Brief descriptive captions
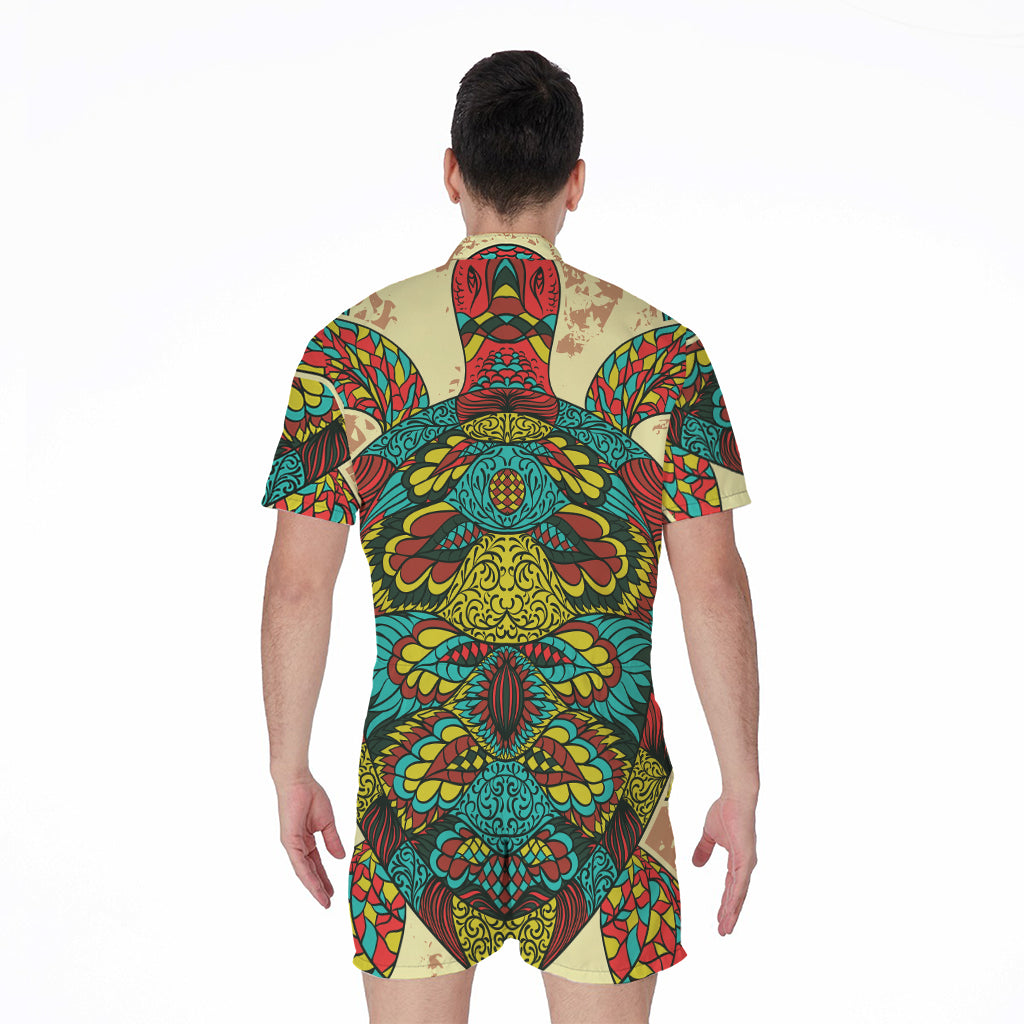 Native Bohemian Sea Turtle Print Men's Rompers
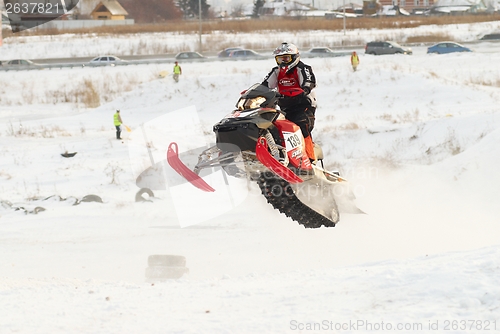 Image of Sport snowmobile jump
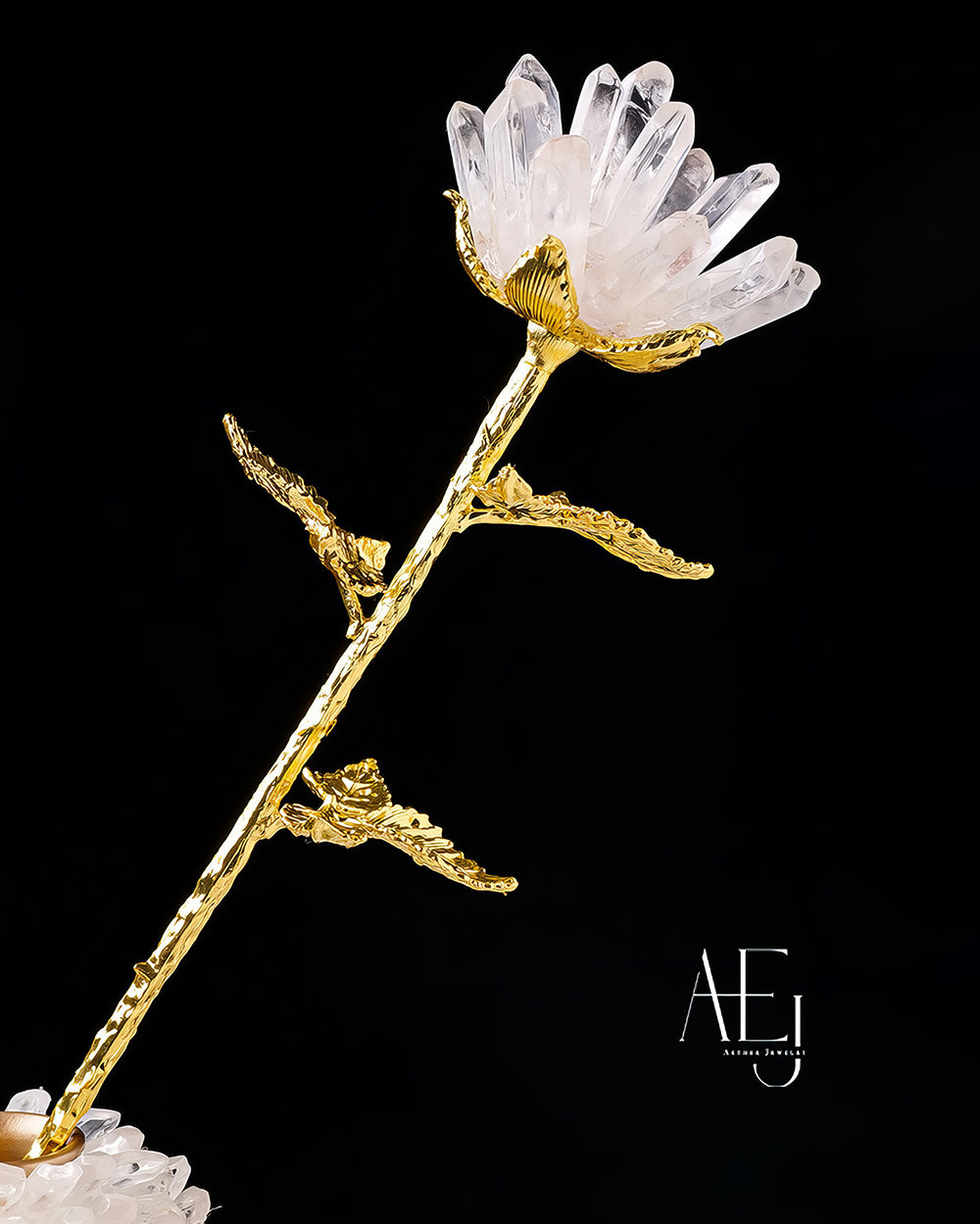 Natural Crystal Rose Flower Arrangement – Clear Quartz, Amethyst or Rose Quartz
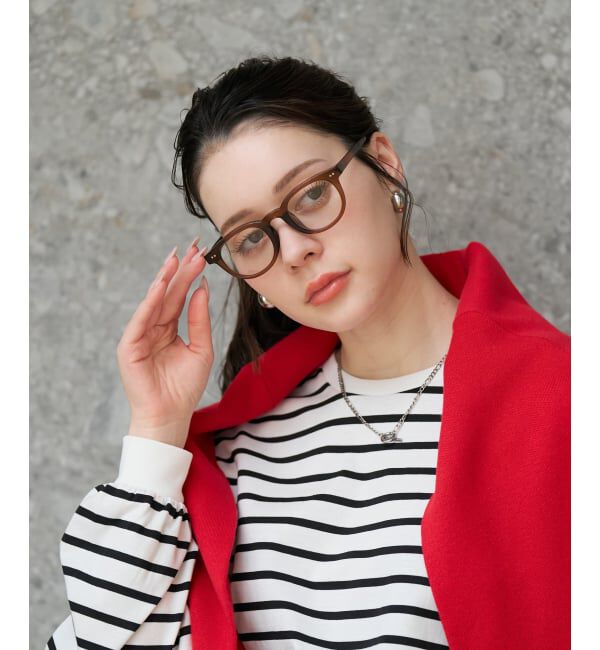  「【WEB限定】SUNCUTGlasses/UV100%CUT ウェリントン型サングラス | カラーレンズ 太縁 紫外線対策 UVカット」|サングラス|薄ブラウン1
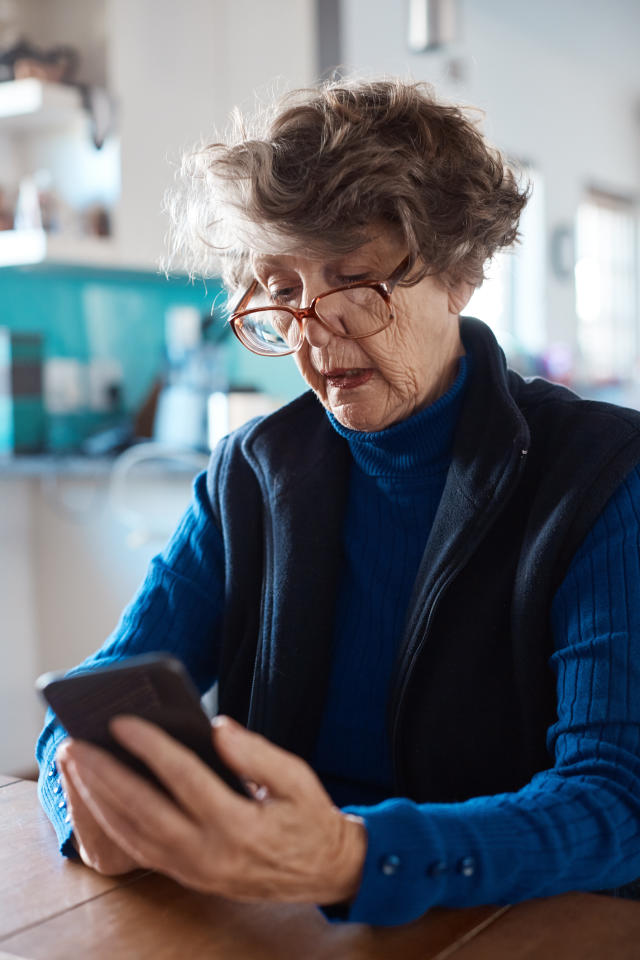 A stock picture of a woman struggling with her eyesight. Age-related macular degeneration is the biggest cause of sight loss in the UK. (Getty Images)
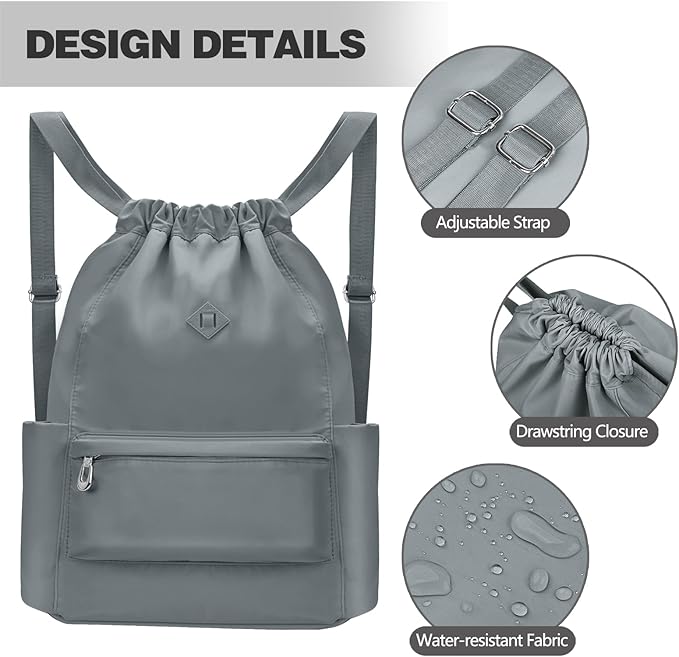 Drawstring Backpack with Wet Pocket Gym Backpack Water-Resistant Cinch String Bag Beach Swim for Women Men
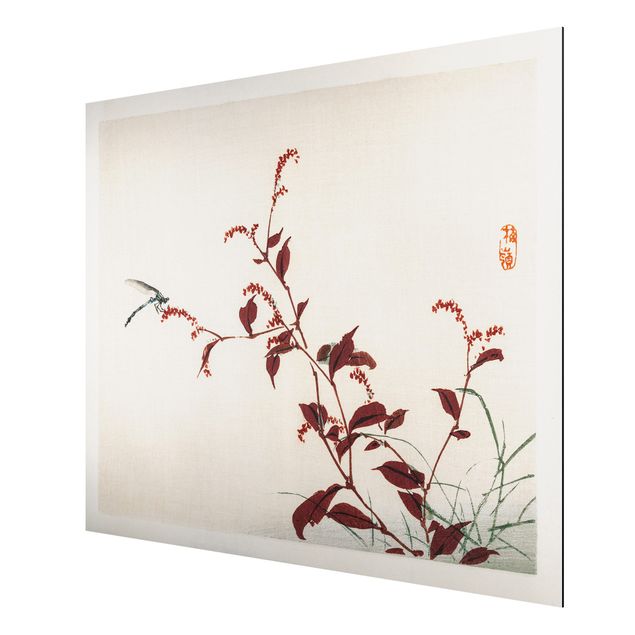 Wanddeko Esszimmer Asiatische Vintage Zeichnung Roter Zweig mit Libelle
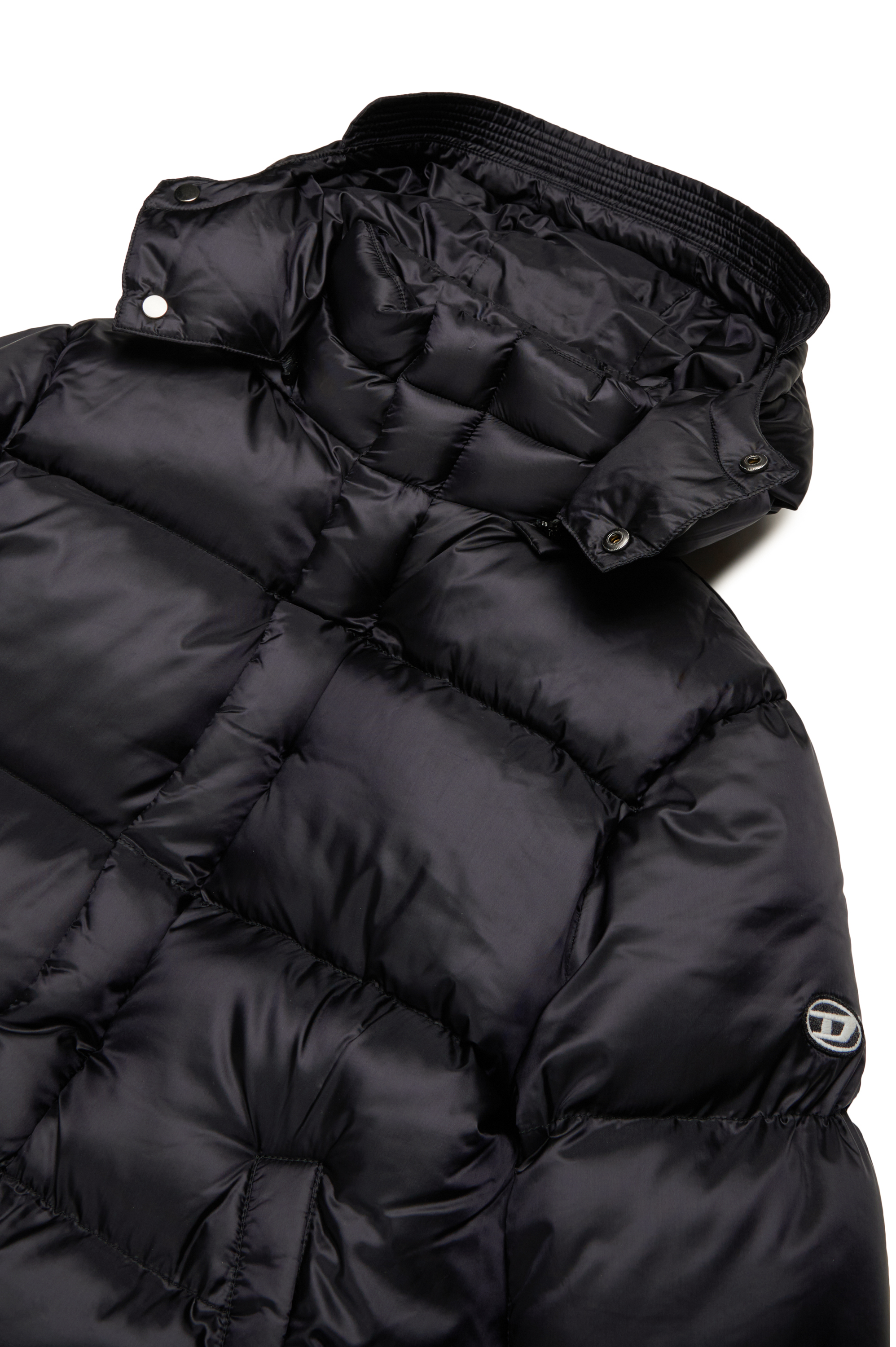 Diesel - JWROLFYSMON, Unisex Puffer jacket with Oval D patch in Black - Image 3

• YOUR GOAL: Where a record above holds a picture, drop the picture and print the rest exactly.

• SOLUTION FOR THIS TASK:
 Native Bohemian Sea Turtle Print Men's Rompers
 Image of Sport snowmobile jump
 Natural Crystal Rose Flower Arrangement – Clear Quartz, Amethyst or Rose Quartz
  「【WEB限定】SUNCUTGlasses/UV100%CUT ウェリントン型サングラス | カラーレンズ 太縁 紫外線対策 UVカット」|サングラス|薄ブラウン1
 A stock picture of a woman struggling with her eyesight. Age-related macular degeneration is the biggest cause of sight loss in the UK. (Getty Images)
 Drawstring Backpack with Wet Pocket Gym Backpack Water-Resistant Cinch String Bag Beach Swim for Women Men
 Wanddeko Esszimmer Asiatische Vintage Zeichnung Roter Zweig mit Libelle
 Diesel - JWROLFYSMON, Unisex Puffer jacket with Oval D patch in Black - Image 3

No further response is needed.